Only the lines from the one containing "I already for" through the end of the data are wanted, reproduced exactly and without pictures.
** Opening Input data block **
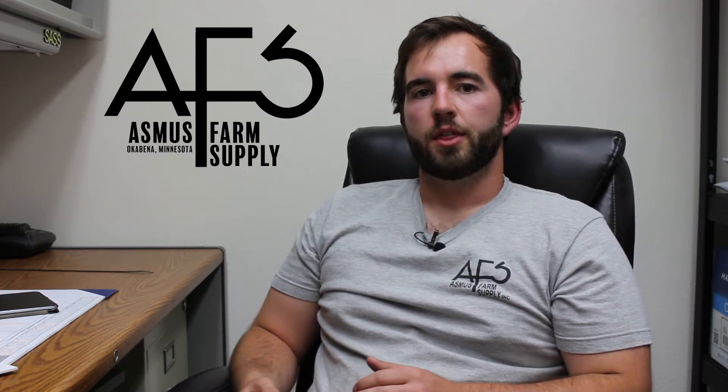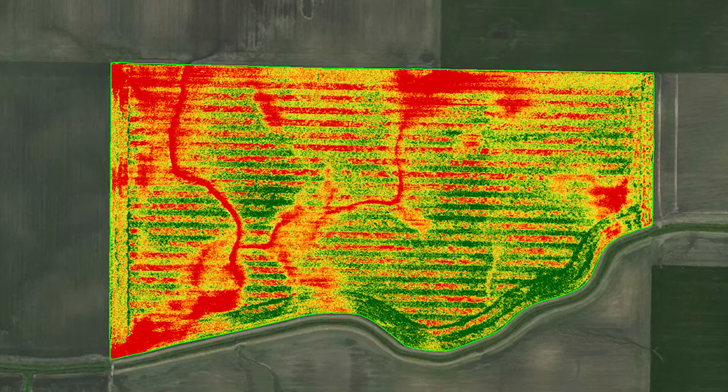Keep in mind that these maps will be in a red and green format — just like yield maps — and green isn't always good. It is important to ground truth all your findings with these NDVI maps, because green isn't always good and red isn't always bad. For instance, a really green patch in your field might look like the best spot, but it could be a drowned-out area with a weed patch — all that chlorophyll from the weeds reflecting infrared light, making it appear to be the best part of the field when it's actually the worst. That's why it's so important to get out there and ground truth everything to make sure the map is true to its colors.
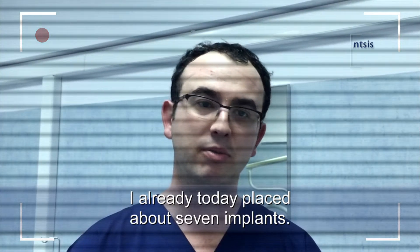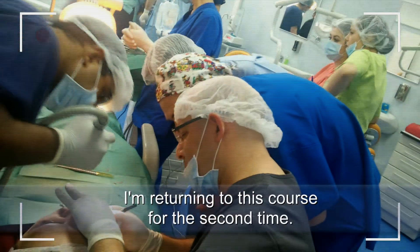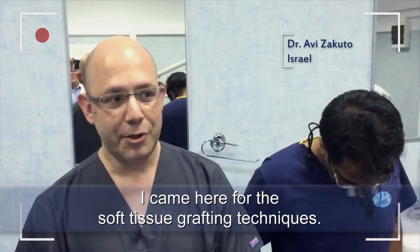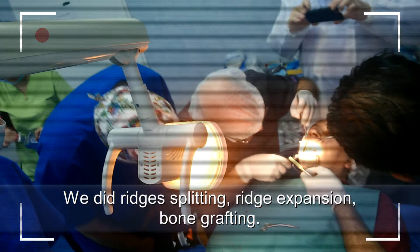I already for today placed seven implants. I'm attending this course for the second time. I came here for the soft tissue grafting techniques. We did ridge splitting, ridge expansion, grafting.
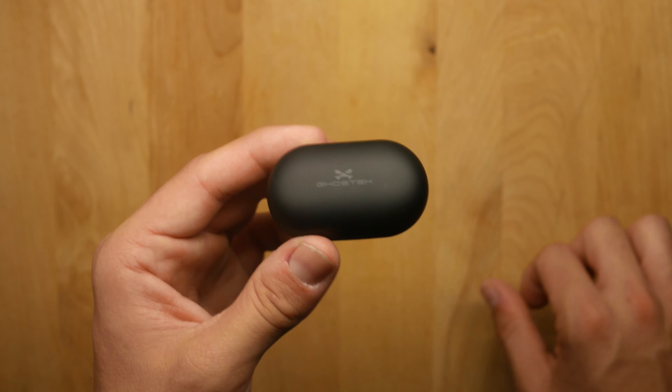A charging cable is included if you don't have one. I plugged in my iPhone to demonstrate — it starts fast charging right away and you can see the battery indicator showing it's at full power. This is a great little package: thin, lightweight, and it'll definitely charge your phone no worries. Links for both products will be in the description. Big shout out to Ghostek for sending these along — see you in the next video, stay humble, peace.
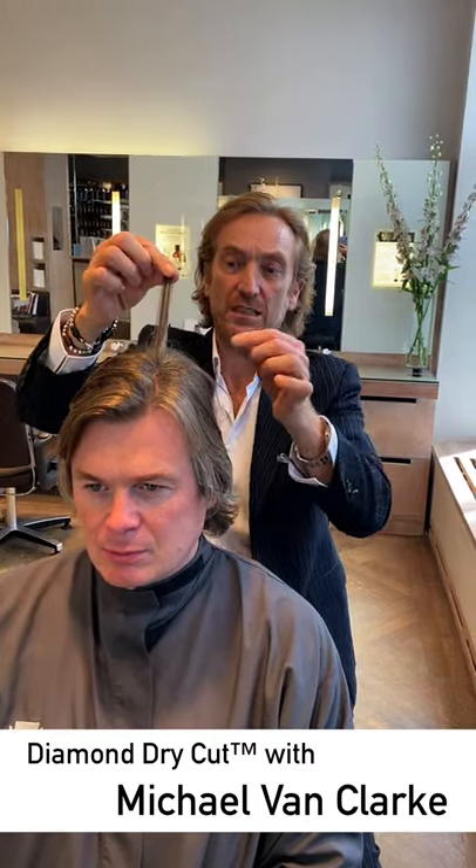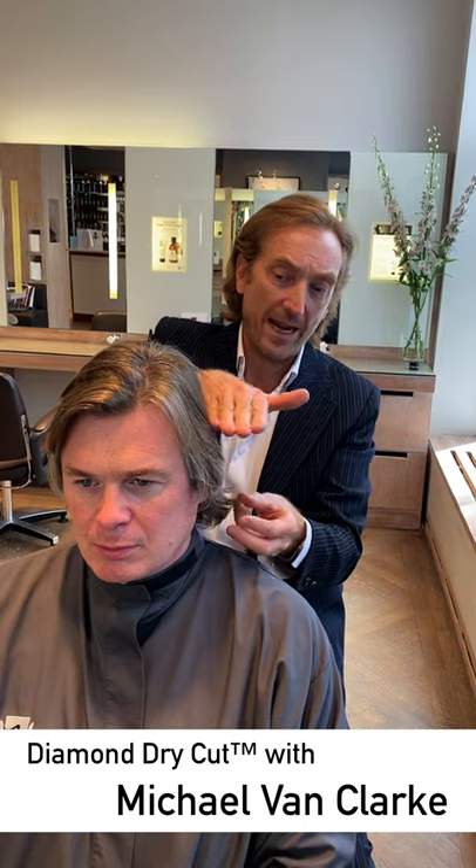Today is really going to be about correcting the shape for a longer look. You'll see at the moment some parts of the hair are still quite short in relation to what the rest is doing. The layers are quite steppy through the back, and that creates a disconnect between what the sides are doing and what the back is doing.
** Closing Input data block **
Result for this exercise>
I already for today placed seven implants. I'm attending this course for the second time. I came here for the soft tissue grafting techniques. We did ridge splitting, ridge expansion, grafting.
A charging cable is included if you don't have one. I plugged in my iPhone to demonstrate — it starts fast charging right away and you can see the battery indicator showing it's at full power. This is a great little package: thin, lightweight, and it'll definitely charge your phone no worries. Links for both products will be in the description. Big shout out to Ghostek for sending these along — see you in the next video, stay humble, peace.
Today is really going to be about correcting the shape for a longer look. You'll see at the moment some parts of the hair are still quite short in relation to what the rest is doing. The layers are quite steppy through the back, and that creates a disconnect between what the sides are doing and what the back is doing.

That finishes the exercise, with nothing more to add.